Photo by Adam Scotti

“I just wanted to play,” said Miller about his time in the rink while living with the Swedes, where Scandinavian consensus-politics dictated everybody’s roles be thoroughly agreed upon and worked out before any ice time. “It drove me nuts.”

Miller, is eager for collaboration everywhere but on the ice, and, if his ambitions as Liberal federal nominee in the newly made riding of Montreal’s Ville-Marie are successful, he may one day represent the interests of students at Concordia.

Miller is typical of the city’s cosmopolitan roots. From a Montreal anglophone mother and Nova Scotian father, he received a solidly francophone education until law school led him to corporate law in Montreal, down south, and across the sea.

His passionate Liberal leanings are firm, but not necessarily dogmatic. He is open to self-criticism and he is cognisant of the fact that there is a long way to go to making the Liberals relevant again.

“The Liberal party has reached the bottom of the barrel,” he said, mentioning the sponsorship scandal and other issues that have deeply scarred the Liberal’s ability to reconnect with Canadians. “You know there’s something wrong when 90% of the job is showing up and listening. Simply going into the riding, talking to people, getting a deep understanding of the issues is the first step — it isn’t the only one, but it is the key formal step to getting involved with people.”

In an effort to shift momentum and do his part in Montreal, Miller has set his sights on the Ville-Marie riding.

“Ville-Marie is the centre of town. It is truly the core of Montreal. If you’re truly interested in making a difference, this is a part of the city where you can. There are no sleeper communities [here]. There are communities in dire need of someone that’s really implicated at the local level. We have some of the richest people in the country; we have some of the poorer people of the country.  There’s a real, real need for local politicians, not just federal, but municipal and provincial, to get involved in [the] challenges of income gaps, education, skilled employment, and concern for new Canadians.”

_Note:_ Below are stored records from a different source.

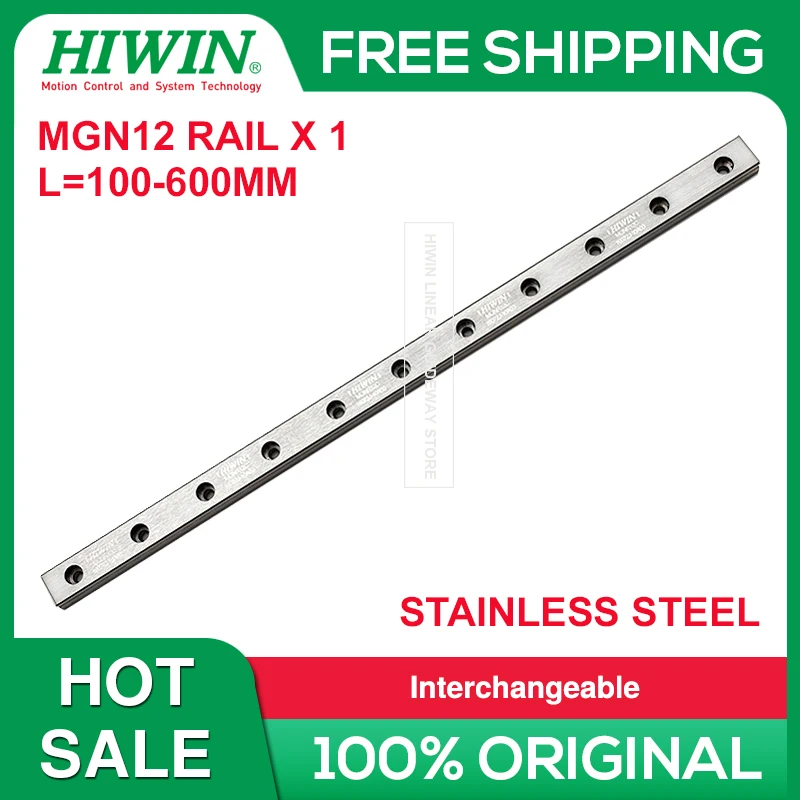 

Stainless Steel HIWIN MGN12 Rail 250mm 270mm 280mm 300mm 320mm 330mm 350mm 370mm 400mm 450mm 500mm 600mm Linear Guide Only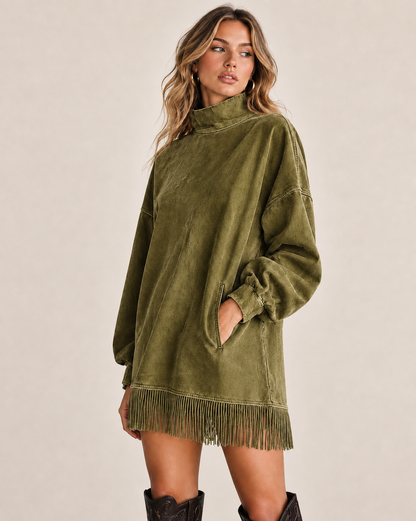 Casual Washed Turtleneck Long Sleeve Tassel Dress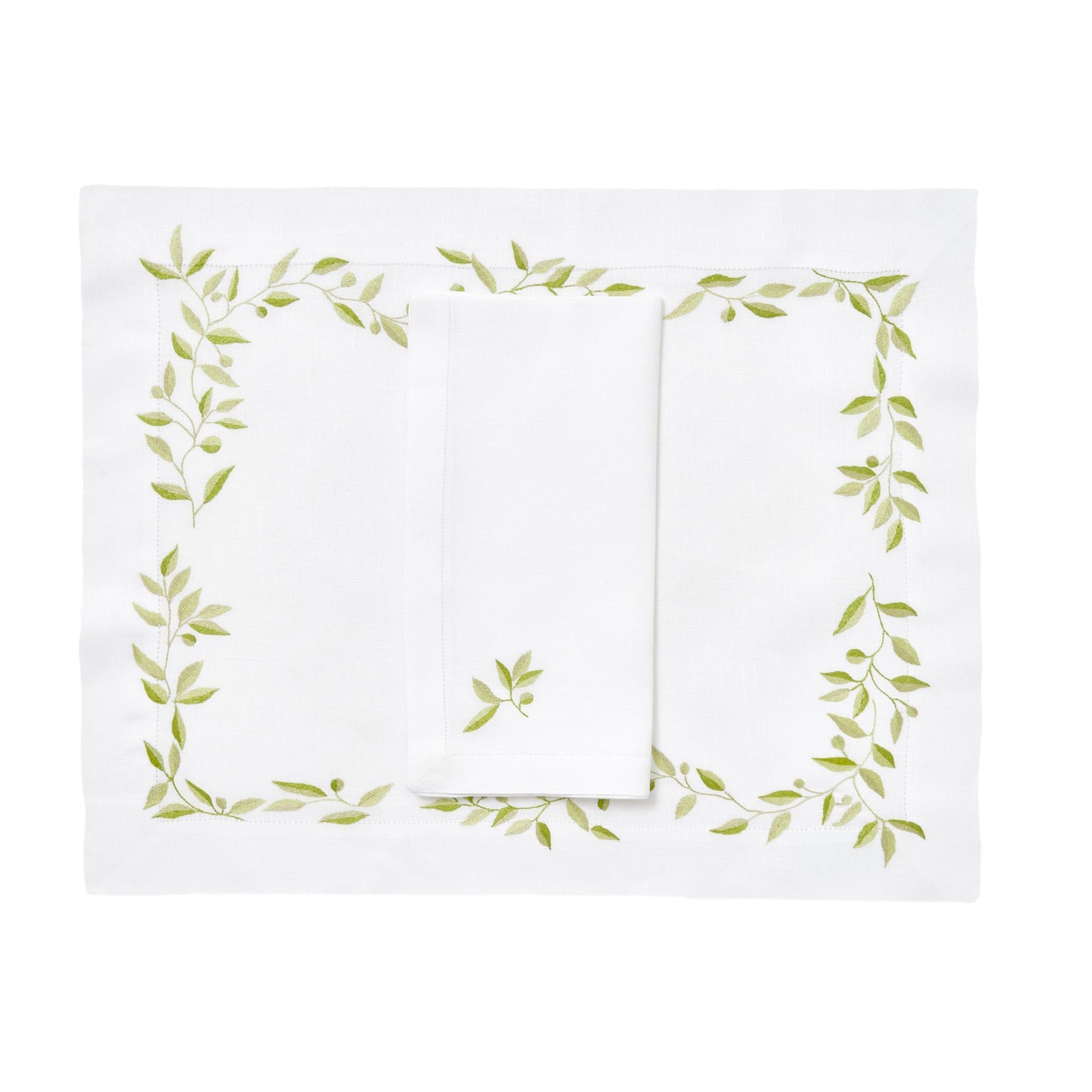 Feuilles d'Olivier Green Emb. Placemat/Napkin Sets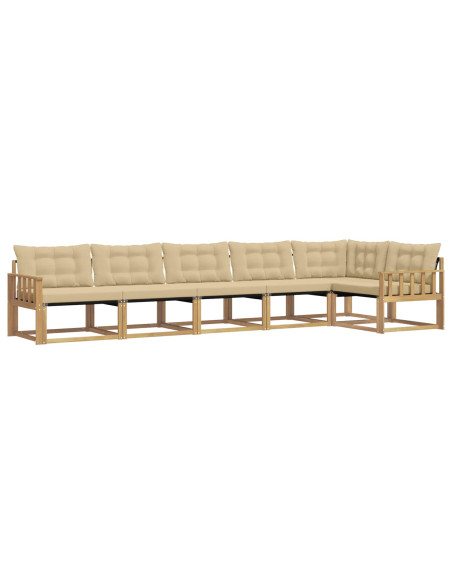 Set di divani da esterno con cuscino 6 pcs Bianco e Beige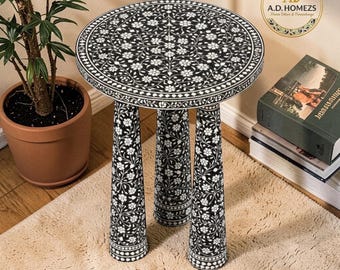 Handmade Mother of Pearl Inlay Side Table – Luxury Accent Furniture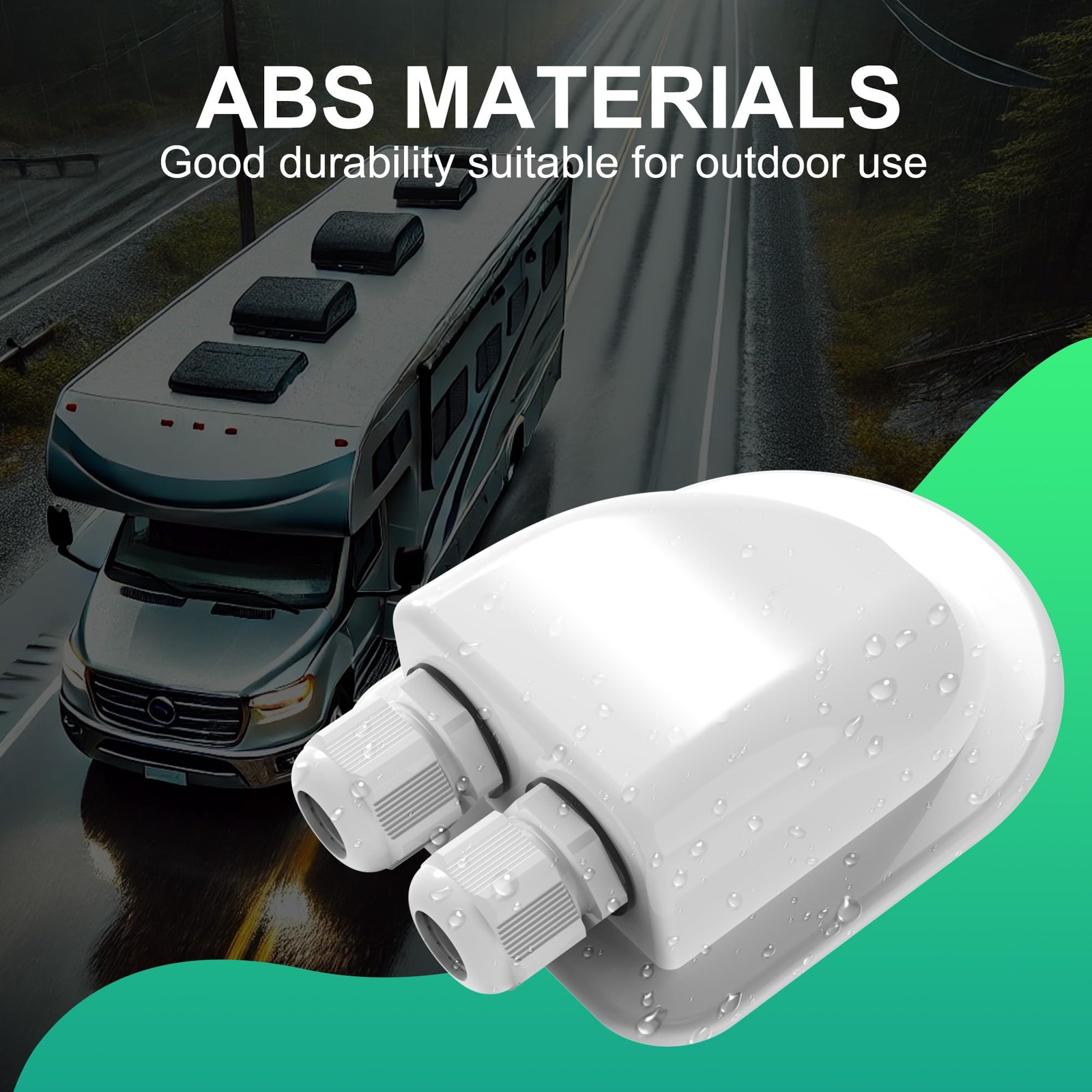 Solar Panel Junction Box for RVs - Single Wire Cable Entry Gland, White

A business-lawyer-cum-politician may not be to everybody’s liking, doubly so for a party that’s been accused in the past for cozying up to the corporate vote. Miller highlights the advantages of his calling, and how working with large corporations can help the little guy: “Sitting where you are, at first glance, they might seem like they are [incompatible]. Being a corporate lawyer, you work a lot of hours and you talk to a lot of people and you pick up the phone and you negotiate and you make compromises. You work extremely hard. You pay attention to your client, and you hope to make the change that they desire. This translates quite easily, from a purely strategic perspective, to politics.”

Miller has drawn on his professional and personal experiences from living both here and abroad to shape his views. He lived for a few years in New York, a city he described as very competitive and affording him the satisfaction of working with some of the brightest people in the world. Yet the hyperactive New York environment, with its grand emphasis on wealth and deep economic fault lines, wasn’t the ideal place to raise his two children. So instead he went to his wife’s native Sweden, in many ways diametrically opposite to the Big Apple, with its socialism, free health care and education, and its low salary and high taxes. In the end there was no place like Quebec, and no home like Montreal.

Montreal’s cultural strengths and activist streak and strong cultural institutions are all things Miller believes can be harnessed to improve the condition of its citizens.

“I realized [after living abroad] I really, really enjoyed living in Montreal. I really, really love my city and I don’t think I could choose, if I had the choice, to live in any other city than Montreal. I see where it’s going, and I want to make sure it doesn’t go there.”

The plan to raise employment, lower debts, and improve education, he admits, is not something you can change in a just a few years. But there are ways to begin, and one of them is with voters.

Cognisant of the deep cynicism of disaffected youth, often alienated by an impersonal and distant political system, he holds firmly to the belief that students and young adults have the potential for great energy and hope, and doubly so for Quebec’s students, familiar as they are with political activism. He’s actively encouraging young people to take back their political rights of participation.

“My advice will be to find a local representative – municipal, provincial, federal – [and] approach them and ask them how you can help. It’s a real eye-opening experience to get in […] and run and organize a campaign. It gives you a skillset you can’t get here [in universities] nor should it be taught here, but it is a fantastic experience in organizing, meeting people, developing people skills, and developing human skills. I would encourage any student to get out there and get their hands in the soil. There’s a lot of clubs and political philosophy groups and they’re great as well but I think the mistake that’s made amongst the university corps is to stay too close to your comfort zone. And that’s too bad.”

“As Montrealers we have do dare to be able to take the risks whether we fail or not.”